I use Yahoo Mail online for most of my personal stuff. Out of all the online
email offerings out there I have found it to be the most "polished" (if I can
use that term) and outlook-like. I tried Gmail a couple of years back and just
didn't do it for me. As an example, the lack of a real time preview pane was a
huge deal breaker for me. Both Outlook and Yahoo Mail have this. Maybe Gmail
has this now, I don't know.

The other thing about Gmail that scared the crap out of me was to watch as one
of our clients had their Gmail account evaporate because their AdSense account
got shut down. They were new to the platform and made a couple of dumb and
innocent mistakes off the line. Google bots summarily shut-down the account
with no recourse or anyone to contact. As their account got suspended so went
Gmail. I'll let you venture a guess as to whether or not these people are
using any Google products now.

Here's a feature I wish email clients would implement: Tabbed accounts.

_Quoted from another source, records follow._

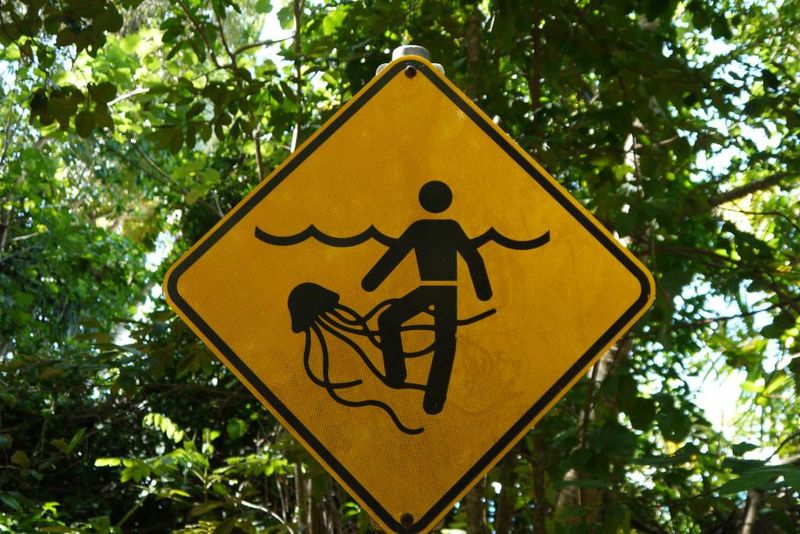 Jellyfish Warning in Australia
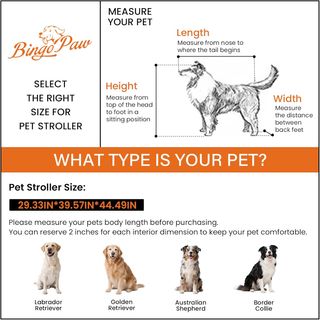 BingoPaw Carro Perro: Carrito para Perros Plegable
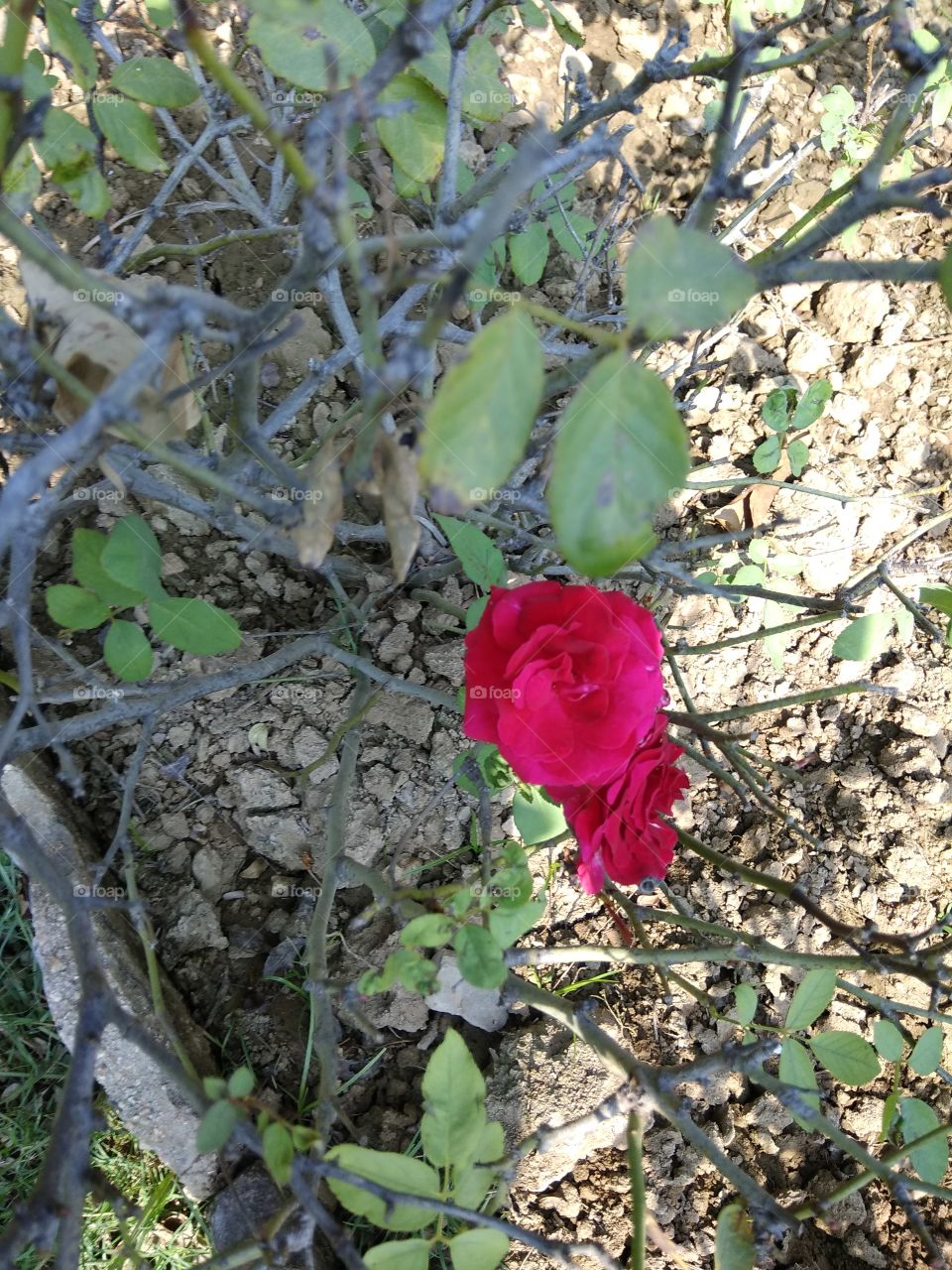 beautiful red Rose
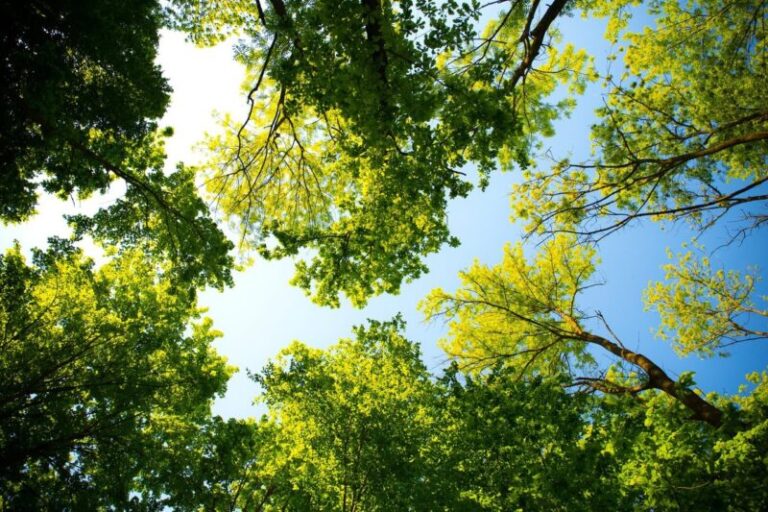 Неінфекційні хвороби дерев і чагарників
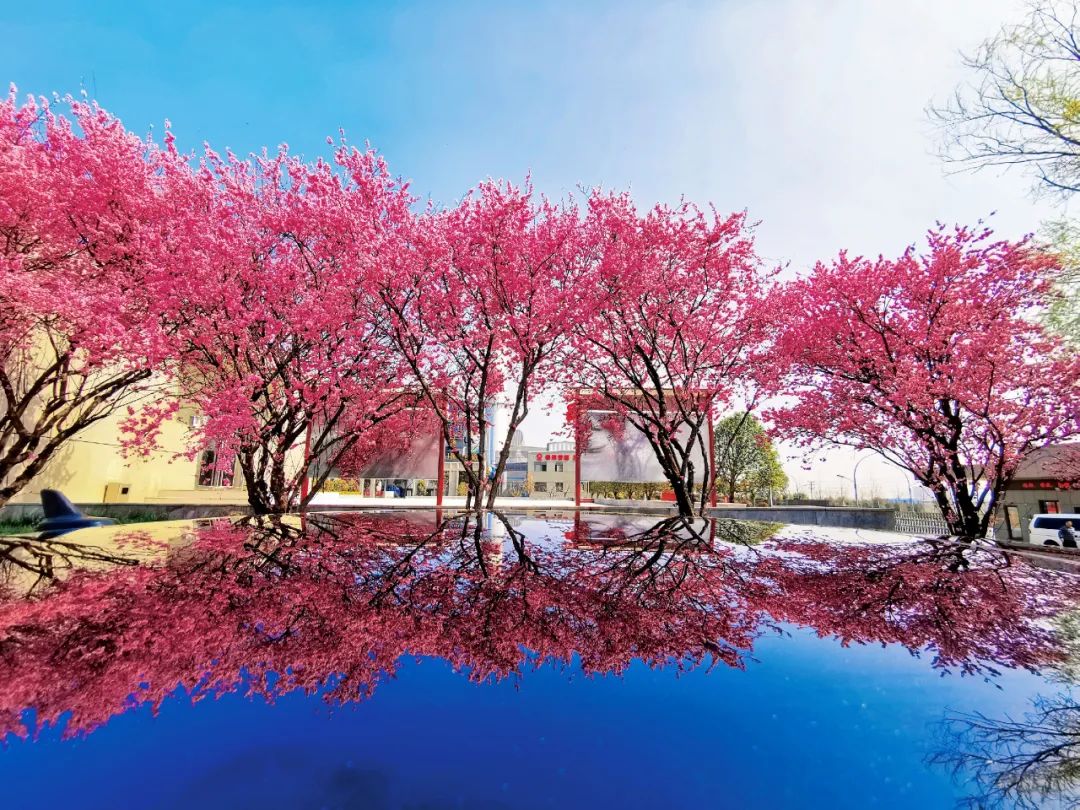 20220406161200613610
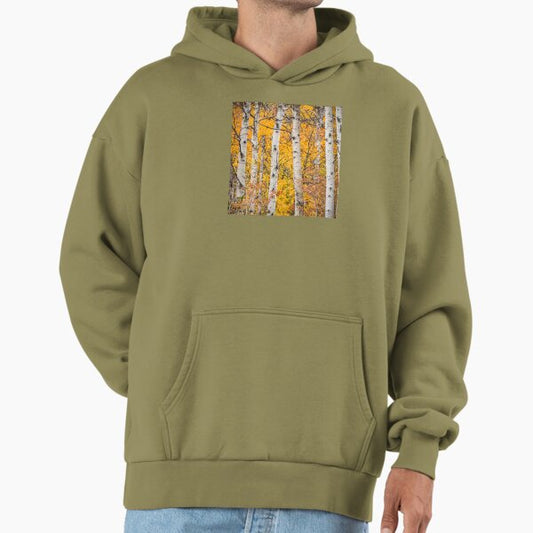 Fall Colors in Aspen Trees Hoodie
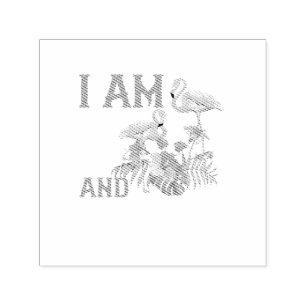 I Am 6 and Flamazing Self-inking Stamp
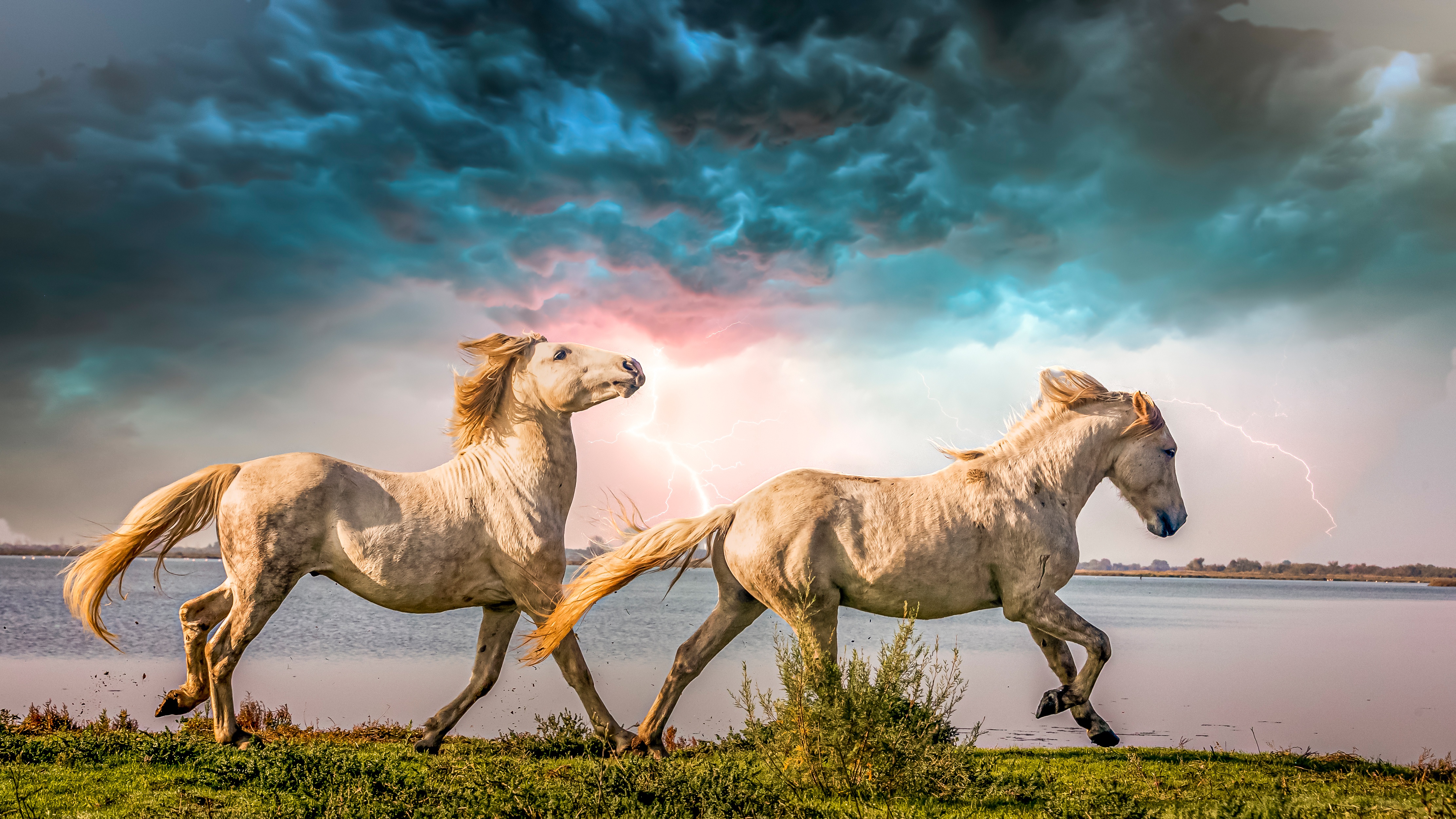 Free download wallpaper Lightning, Animal, Horse on your PC desktop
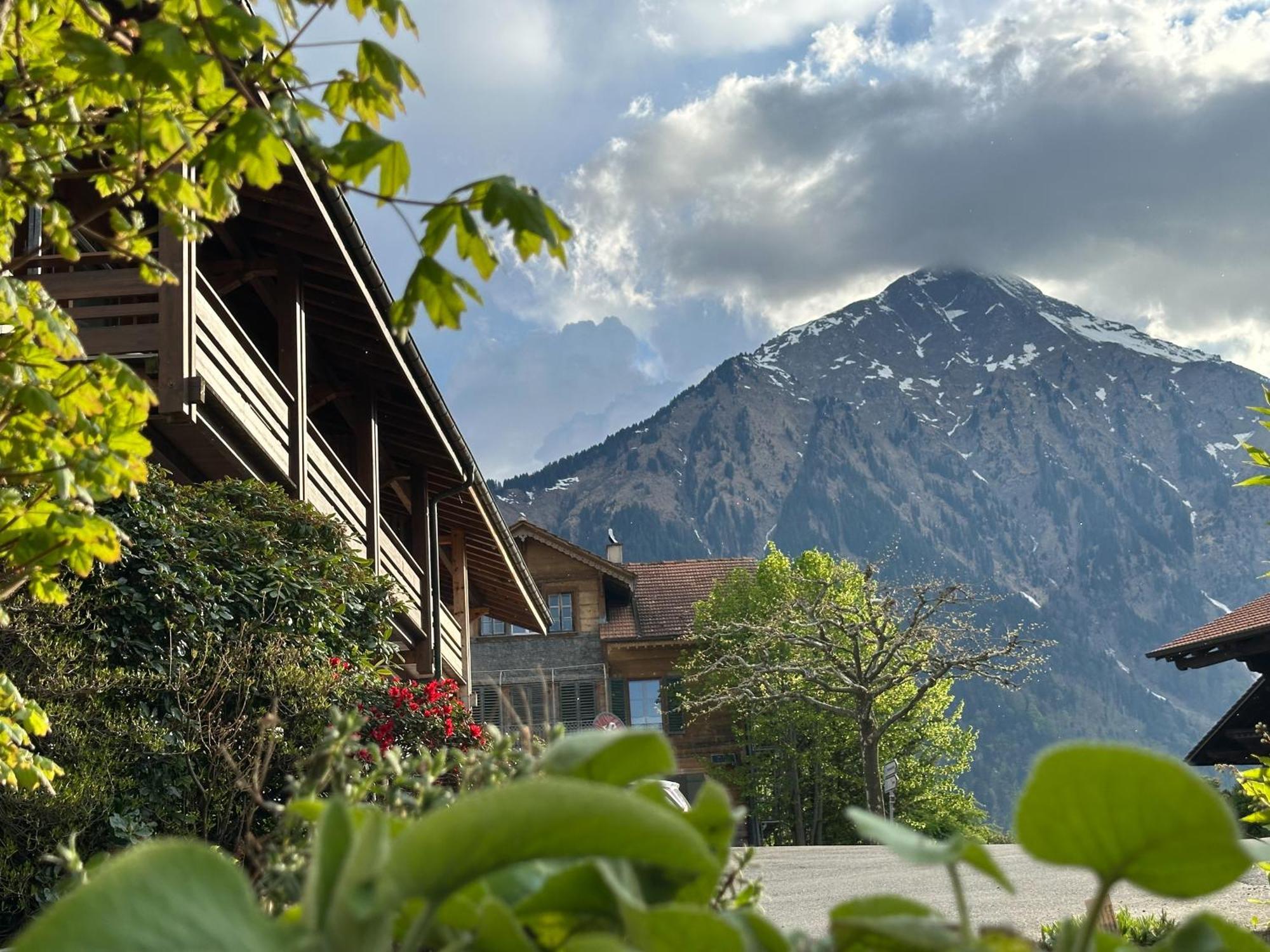 Hotel Aeschipark Aeschi Bei Spiez Extérieur photo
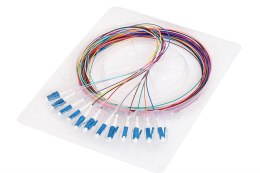 12X PIGTAIL LC/UPC SM G652D GOLD zestaw 12x 2m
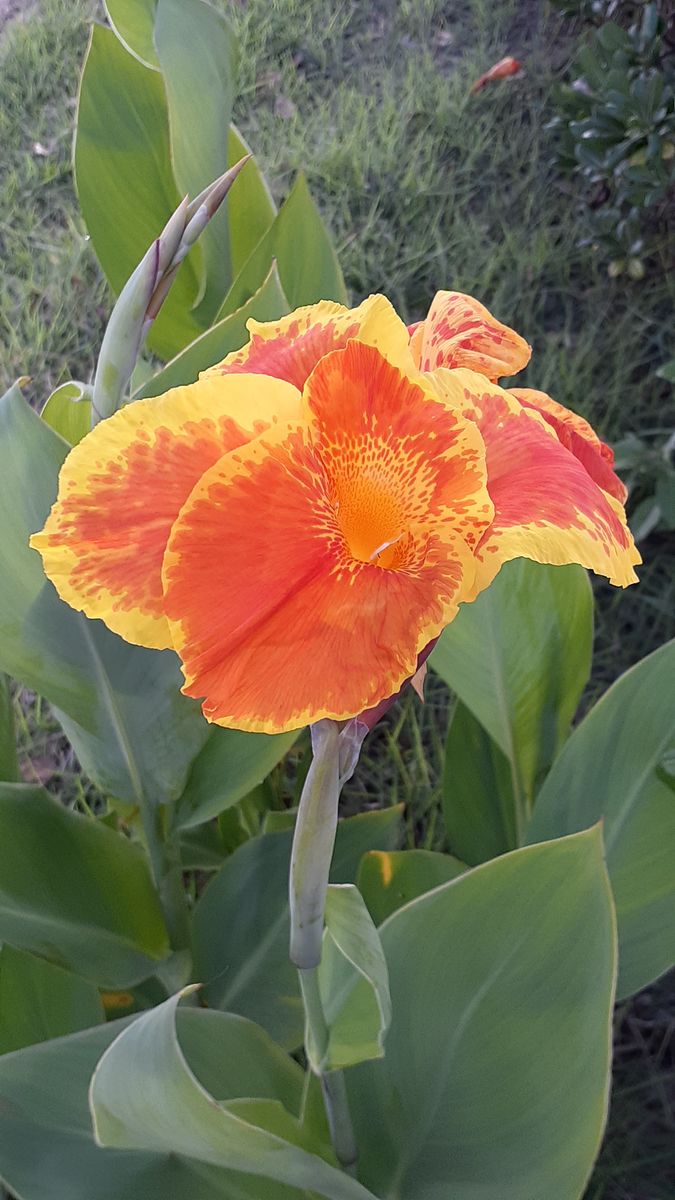 ふくおかルーバルガーデン5～盛夏🌻🎐🎆の庭たより…ウォーキング途中の花たち🌻～💕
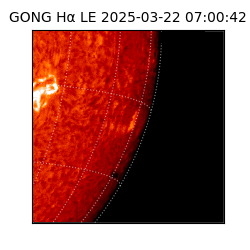 gong - 2025-03-22T07:00:42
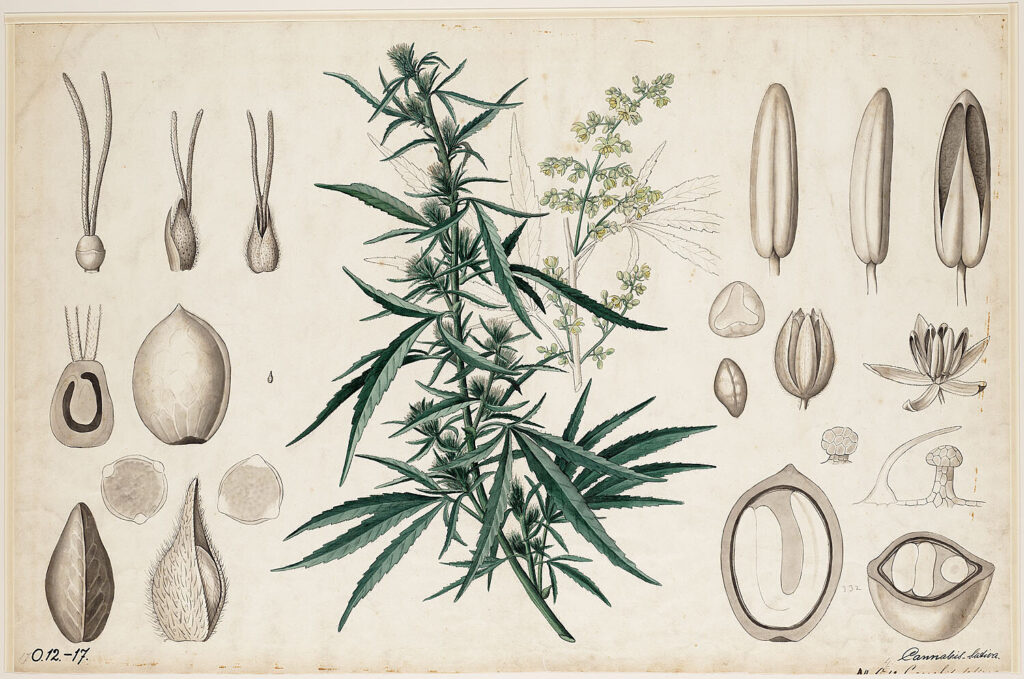 A hand-drawn botanical illustration of the cannabis plant, featuring cross sections of the seeds and close-ups of the leaves and buds.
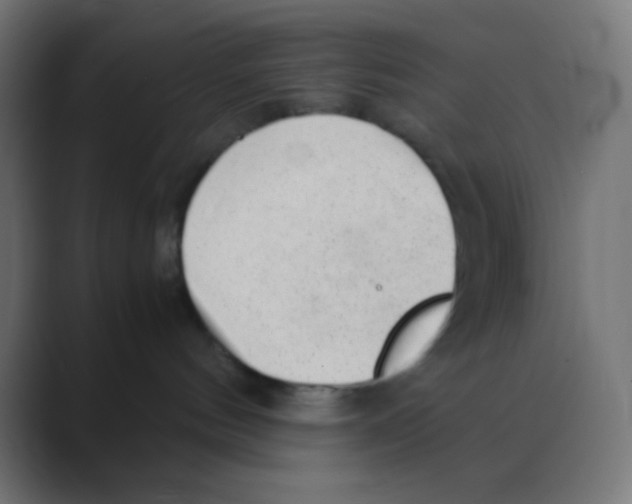 X0000088440144200706191259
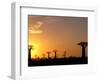 Baobabs, Morondava, Madagascar-Pete Oxford-Framed Photographic Print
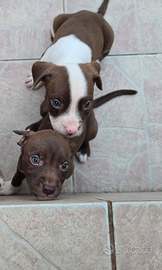 Cuccioli pit bull red nose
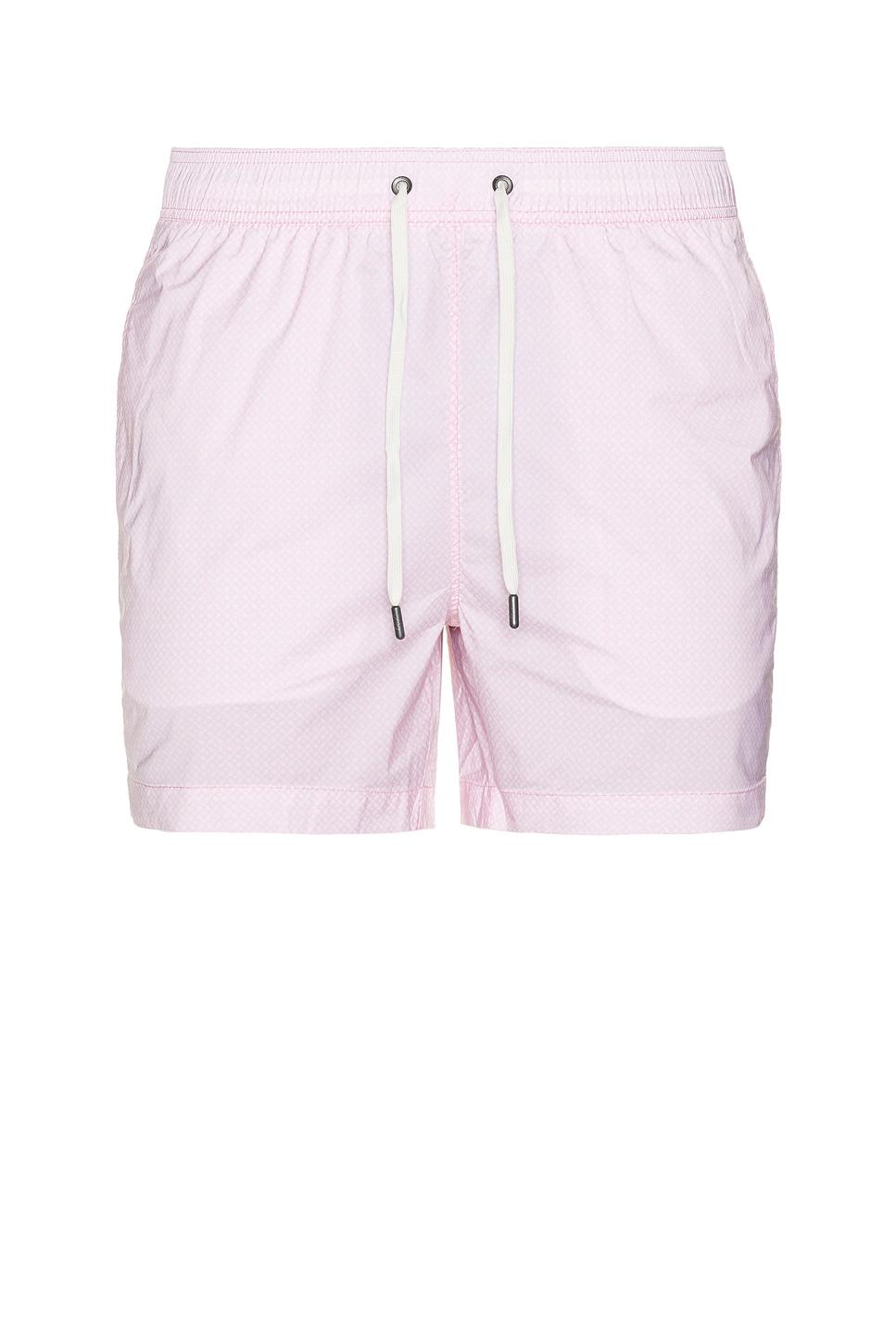 Charles 5" Swim Trunks Product Image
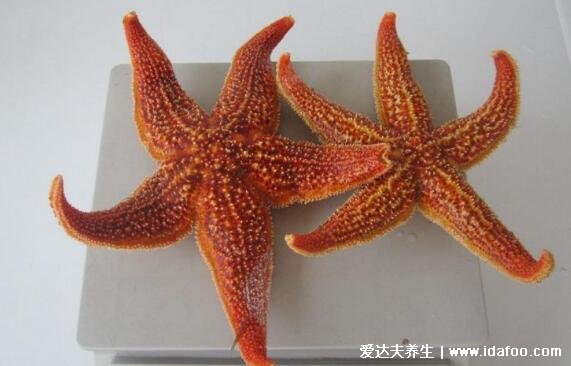 海星的功效与作用及食用方法,4种吃法治胃病/活血化瘀/消炎杀菌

I run more than one company and regularly monitor a dozen email accounts.
Outlook and Yahoo Mail allow you to setup rules to deliver email from specific
accounts into designated folders. With Outlook you can also choose to store
the email in separate files. That's all well and fine, but the whole thing has
the risk of becoming cluttered and difficult to use after a while.

There's an Outlook hack that allows you to launch multiple Outlook instances.
This works very well as I can launch one instance that opens the email
addresses corresponding to one business and another instance with a separate
business. Having multiple monitors makes this even handier.

What would be even better is if I could do the same thing with tabs. I want
one tab per business --or a user-designated category. Each tab would receive
and send email from one or many email addresses. They would all be independent
while having relevant sharing capabilities (copy and past, drag and drop,
etc.).

It's about context switching.

With something like that I could have a single email client handle all of my
business email as well as personal within one application window. That would
be slick.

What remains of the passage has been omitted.